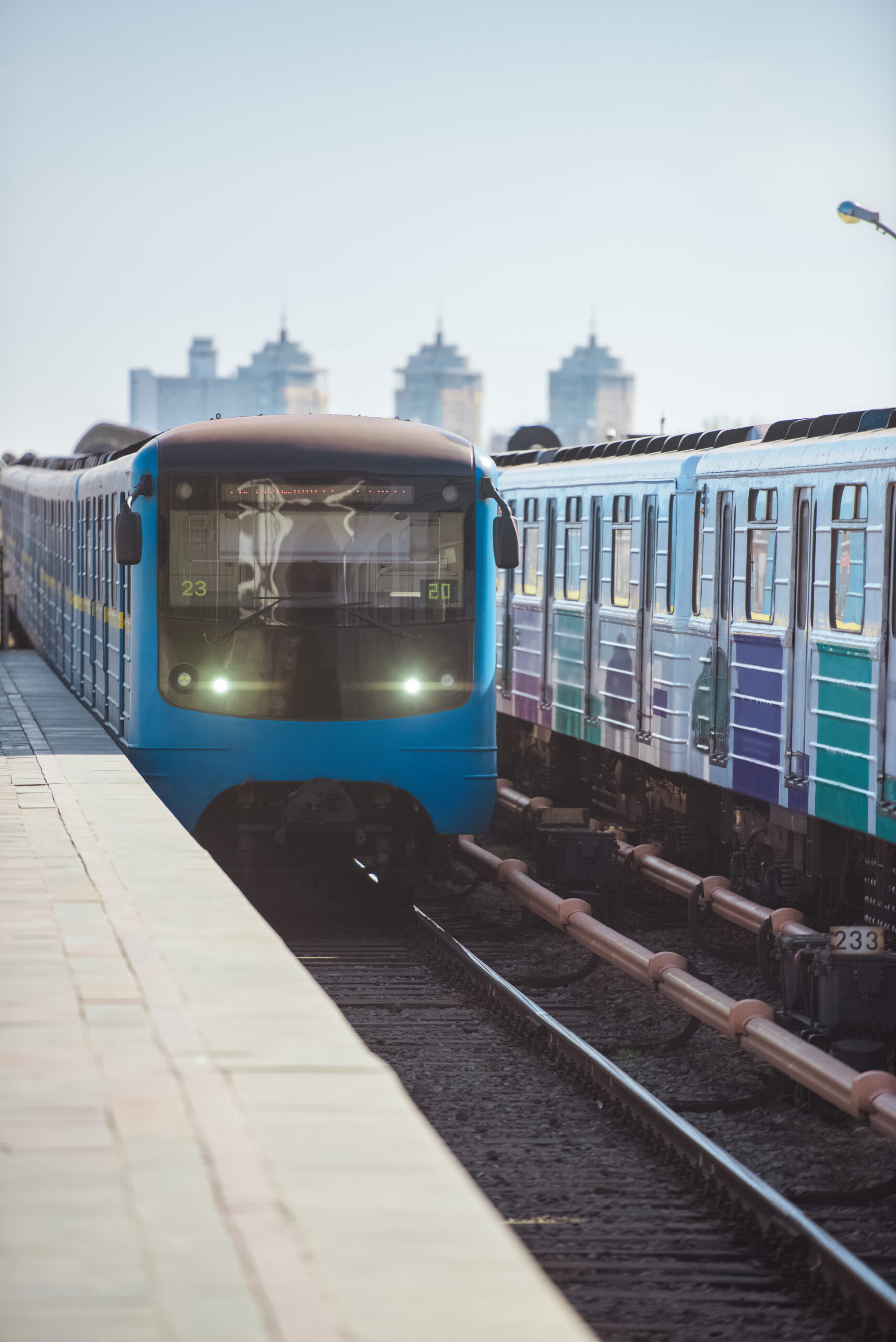 trains at outdoor subway station with buildings on background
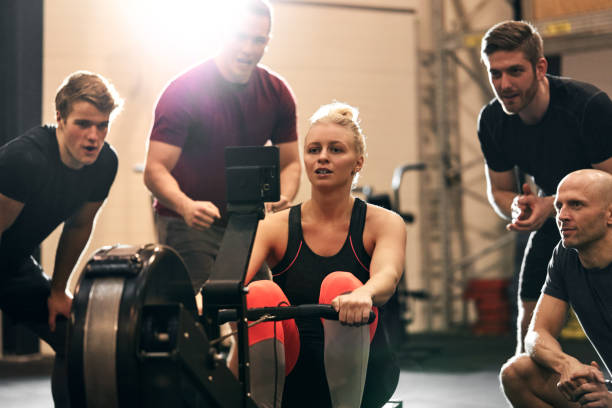 istock Woman surrounded by friends while exercising on  a rowing machine 1301252514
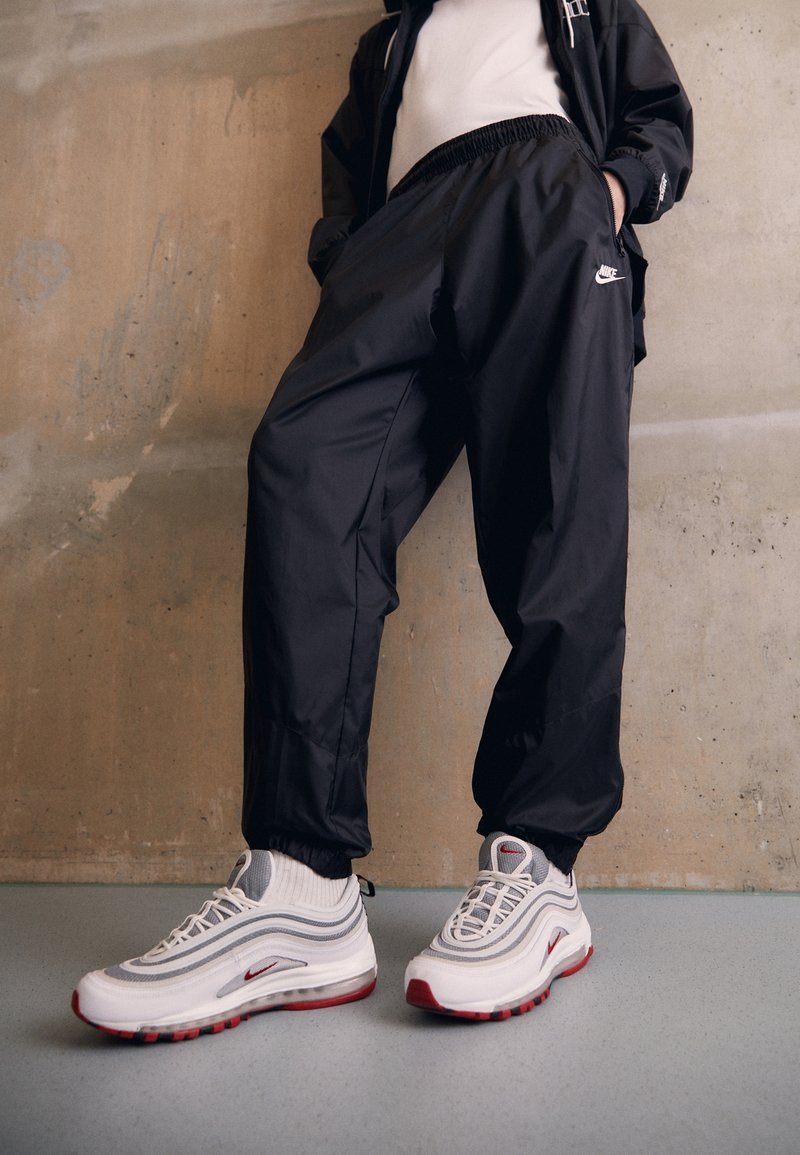 Osoba oblečená v černých Nike teplákových kalhotách a bílých Nike Air Max teniskách s červenými akcenty, stojící proti texturované betonové zdi.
◇ ◇ ◇ ◇ ◇
• **Exercise prompt**
What you return should match the material word for word, apart from the pictures.

• **Solved problem**
 trains at outdoor subway station with buildings on background
 istock Woman surrounded by friends while exercising on  a rowing machine 1301252514
 Osoba oblečená v černých Nike teplákových kalhotách a bílých Nike Air Max teniskách s červenými akcenty, stojící proti texturované betonové zdi.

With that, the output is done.